Paul à Antioche (Actes 13, 14.43-52)

Paul et Barnabé poursuivirent leur voyage au-delà de Pergé et arrivèrent à Antioche de Pisidie. Le jour du sabbat, ils entrèrent à la synagogue et prirent place.
[…]
Une fois l’assemblée dispersée, beaucoup de judéens et de convertis qui adorent le Dieu unique les accompagnèrent. Paul et Barnabé, parlant avec eux, les encourageaient à rester attachés à la grâce de Dieu. Le sabbat suivant, presque toute la ville se rassembla pour entendre la parole du Seigneur. Quand les judéens virent les foules, ils s’enflammèrent de jalousie ; ils contredisaient les paroles de Paul et l’injuriaient. Paul et Barnabé leur déclarèrent avec assurance : « C’est à vous d’abord qu’il était nécessaire d’adresser la parole de Dieu. Puisque vous la rejetez et que vous-mêmes ne vous jugez pas dignes de la vie éternelle, eh bien ! nous nous tournons vers les nations païennes. C’est le commandement que le Seigneur nous a donné : “J’ai fait de toi la lumière des nations pour que, grâce à toi, le salut parvienne jusqu’aux extrémités de la terre”. » En entendant cela, les païens étaient dans la joie et rendaient gloire à la parole du Seigneur ; tous ceux qui étaient destinés à la vie éternelle devinrent croyants. Ainsi la parole du Seigneur se répandait dans toute la région. Mais les judéens provoquèrent de l’agitation parmi les femmes de qualité adorant Dieu, et parmi les notables de la cité ; ils se mirent à poursuivre Paul et Barnabé, et les expulsèrent de leur territoire. Ceux-ci secouèrent contre eux la poussière de leurs pieds et se rendirent à Iconium, tandis que les disciples étaient remplis de joie et d’Esprit Saint.

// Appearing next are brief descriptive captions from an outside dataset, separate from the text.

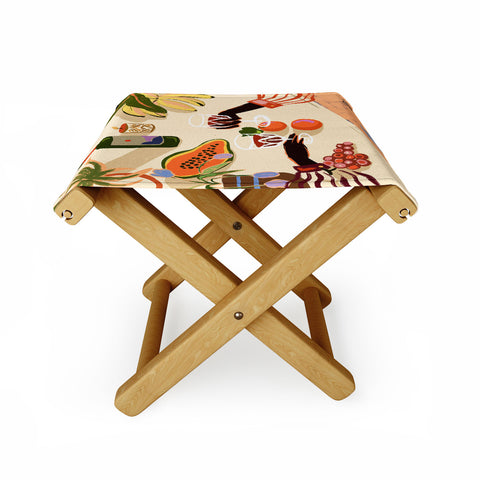 artyguava Cheers to You Folding Stool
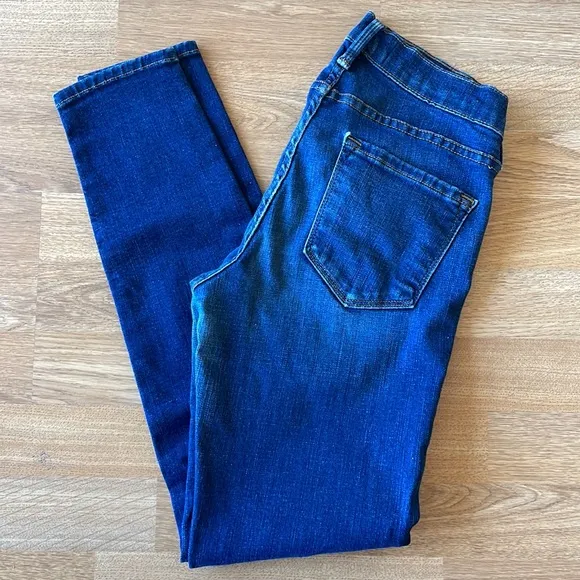 FRAME Denim Le Skinny De Jeanne Crop Blue Jeans size 25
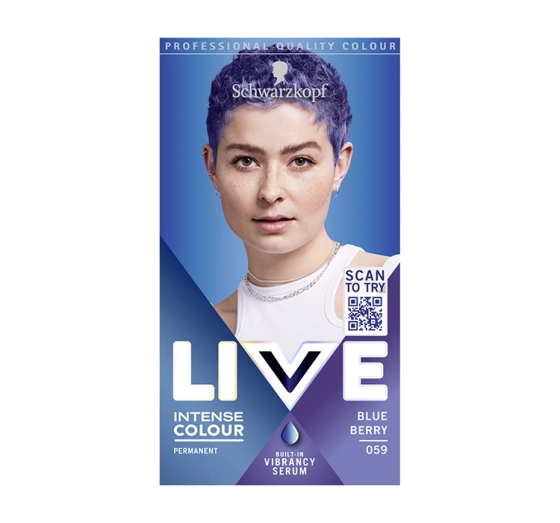 Schwarzkopf Live Intense Colour permanent farba do włosów 059 Blue Berry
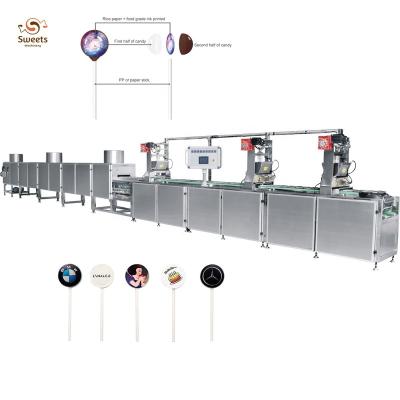 China Factory Price Full Automatic Heteromorphism Galaxy Lollipop Candy Making Machine for sale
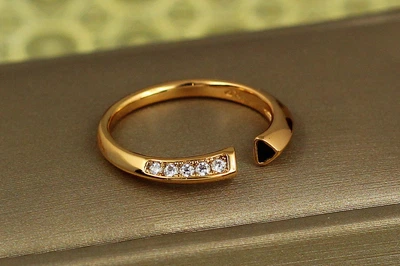 Кольцо Xuping Jewelry свирель р 16 золотистое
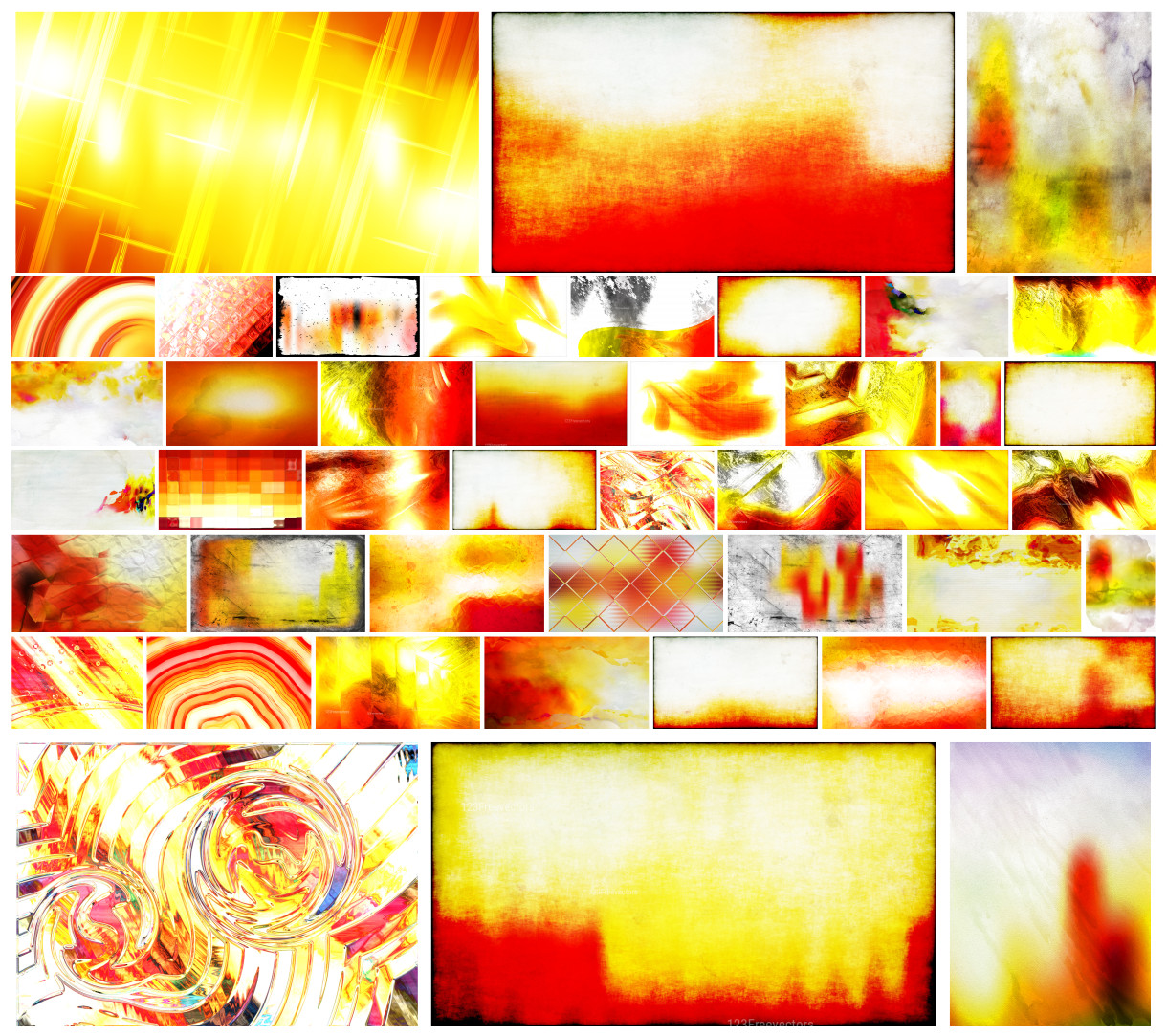 Vibrant and Versatile: A Creative Collection of Red White and Yellow Designs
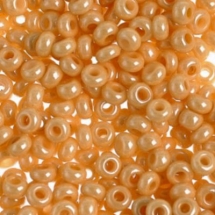 Бисер 46085 Чешский Preciosa 10/0, Непрозрачный Радужный OL, Персиковый, Круглый, (УТ0018507)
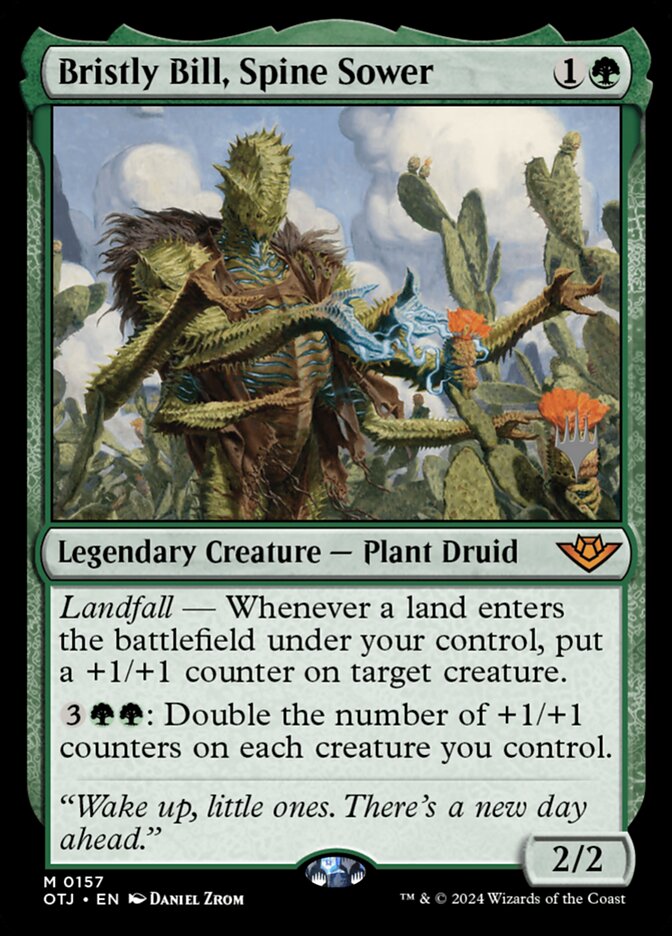 Bristly Bill, Spine Sower, Outlaws Of Thunder Junction Promos Card Art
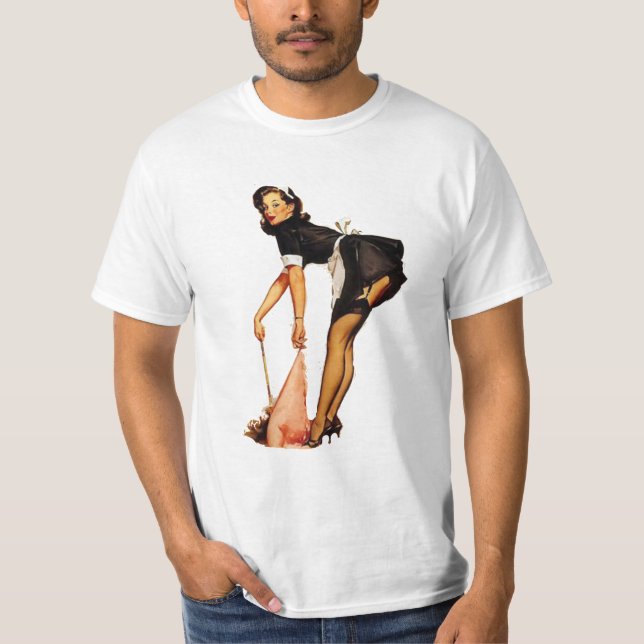 T-shirt vintage pin-up fille (Devant)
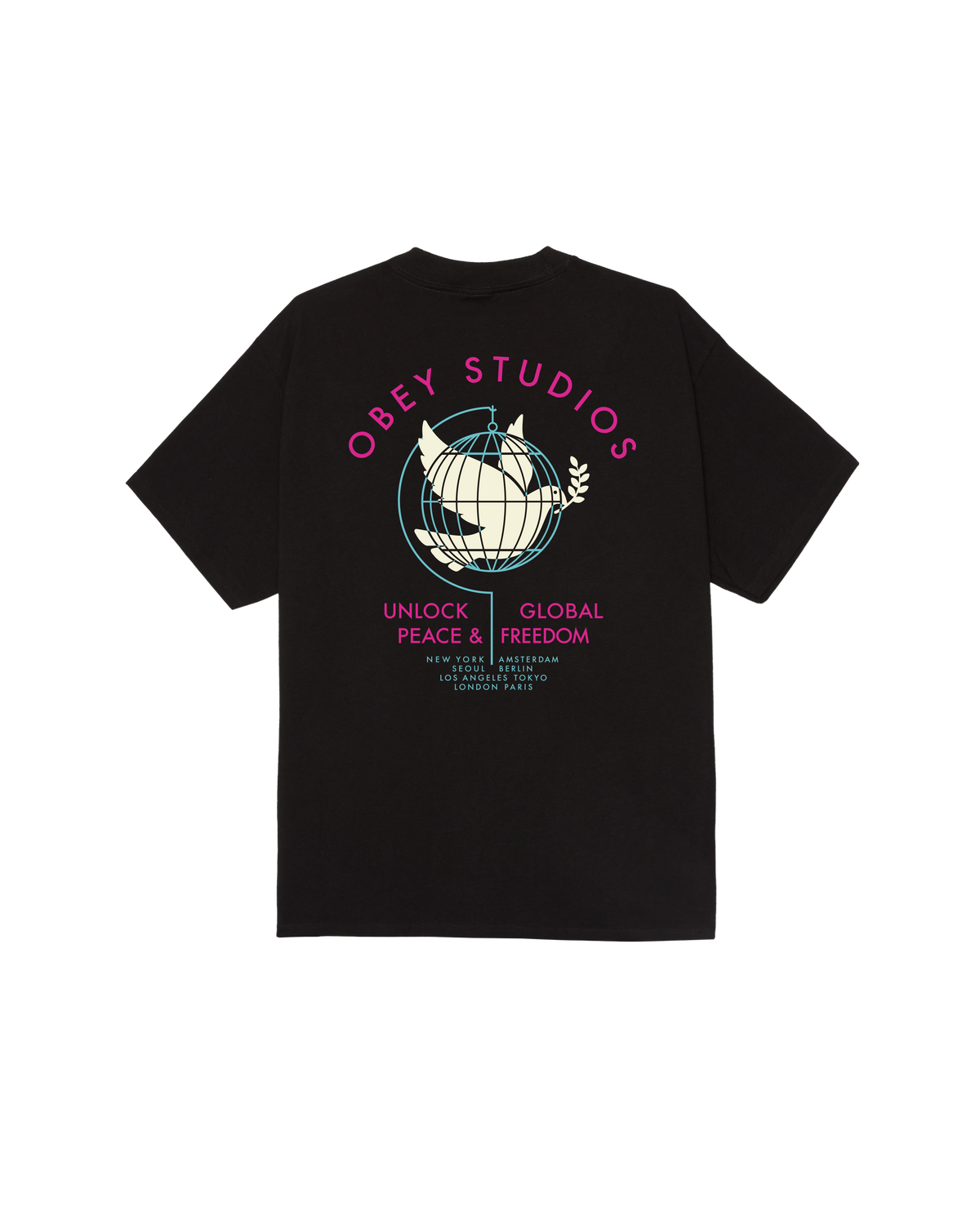 UNLOCK PEACE & FREEDOM CLASSIC T-SHIRT (zoomed)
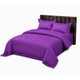 Harmony Homes Top Line Double Bedsheet Purple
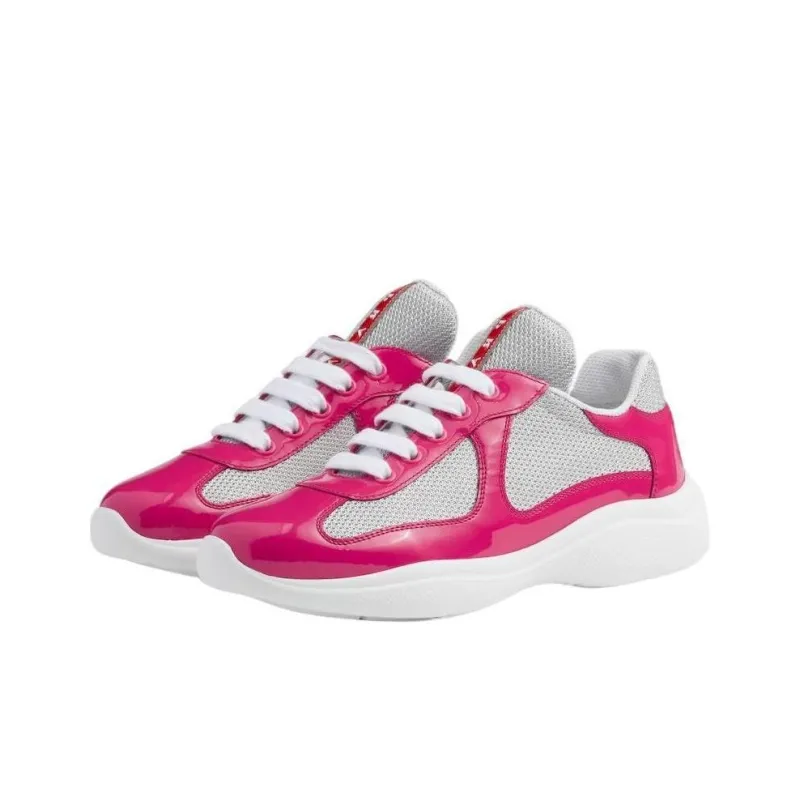 PRADA Low Top Casual Shoes Women's Pink-2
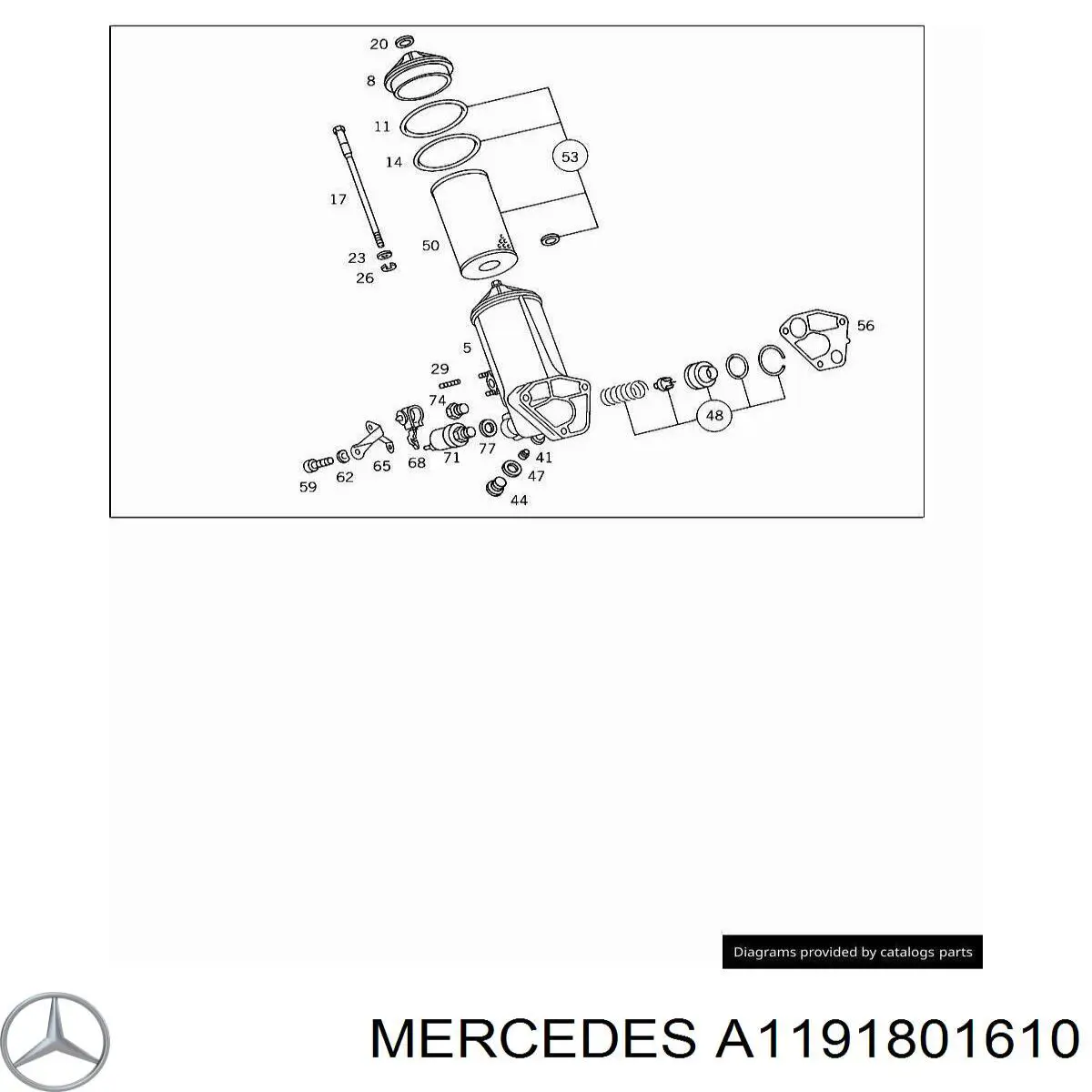 Comprar A1191800910 Mercedes Portafiltro de aceite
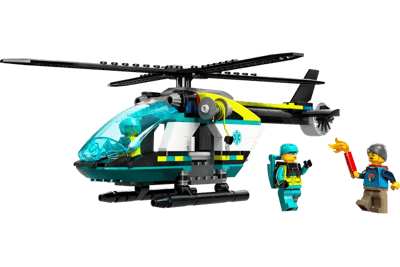 LEGO CITY Emergency Rescue Helicopter - NEW 2024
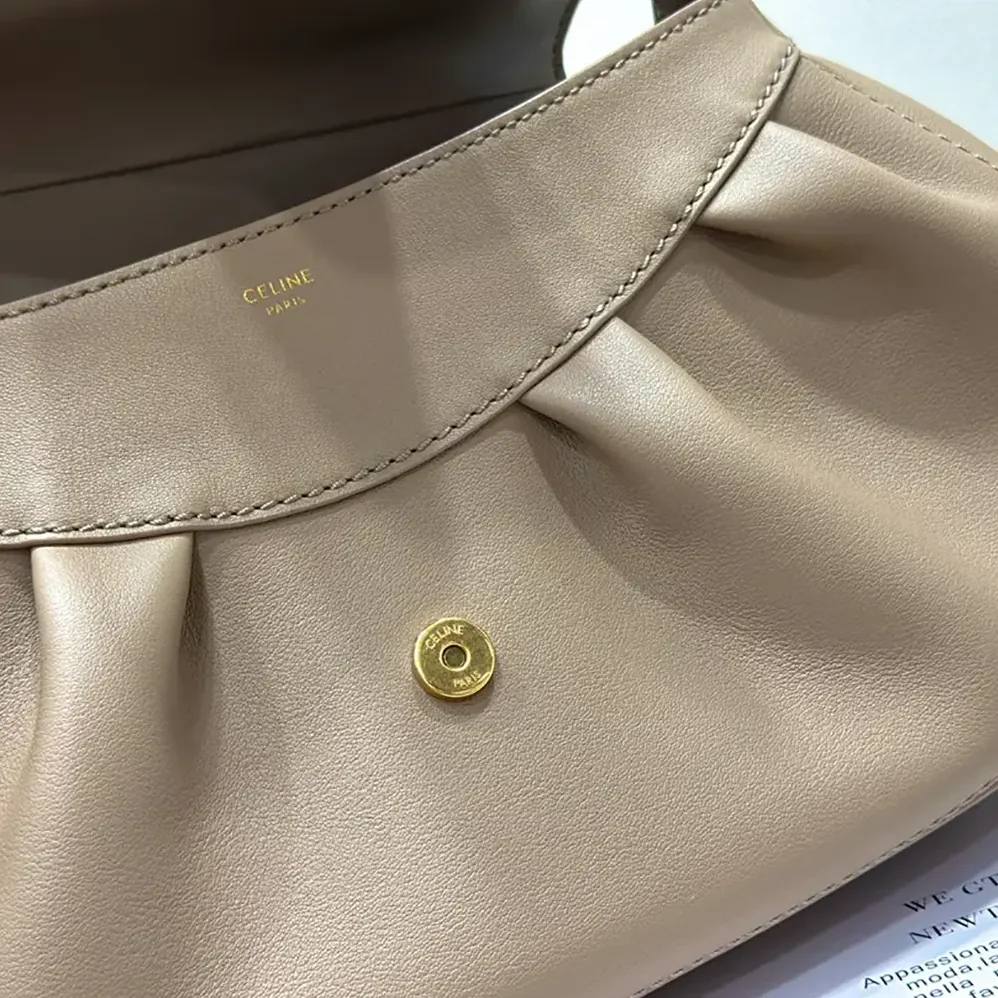 Celine Medium Polly Bag in Supple Calfskin 115633FDU.18BP for Women Celine Medium Polly Bag in Supple Calfskin 115633FDU.18BP for Women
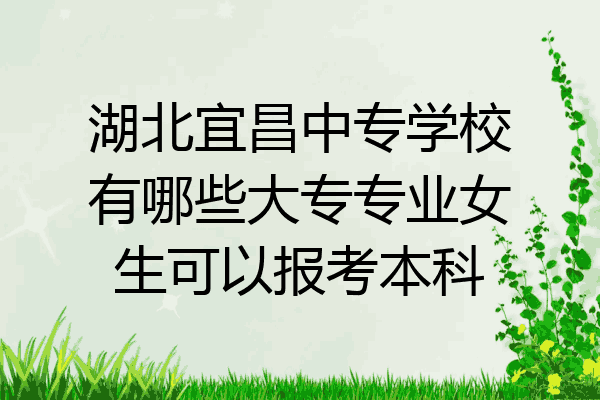 湖北宜昌中专学校有哪些大专专业女生可以报考本科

Encore une fois ! Qu’est-ce qui se cache sous les […] que le censeur n’a pas indiqués ? Pourquoi les judéens (ici, les fidèles de la religion juive) sont-ils jaloux de voir les foules affluer à la synagogue ? Pourquoi en veulent-ils à Paul et à son compagnon de voyage Barnabé ? Quelle parole de Dieu ceux-ci leur ont-ils adressée ? Pourquoi expulser ces deux apôtres de la ville ? Bref, la clé pour comprendre toutes ces choses et d’autres encore échappe à celui qui est privé des versets 15 à 42, mais c’est « évidemment » trop long. Et après tout, un résumé de l’histoire du salut culminant dans la résurrection de Jésus, source du pardon de Dieu, présente un intérêt tout relatif pour des croyants qui connaissent cela par cœur.

Je résume… (mais il serait utile d’aller lire !).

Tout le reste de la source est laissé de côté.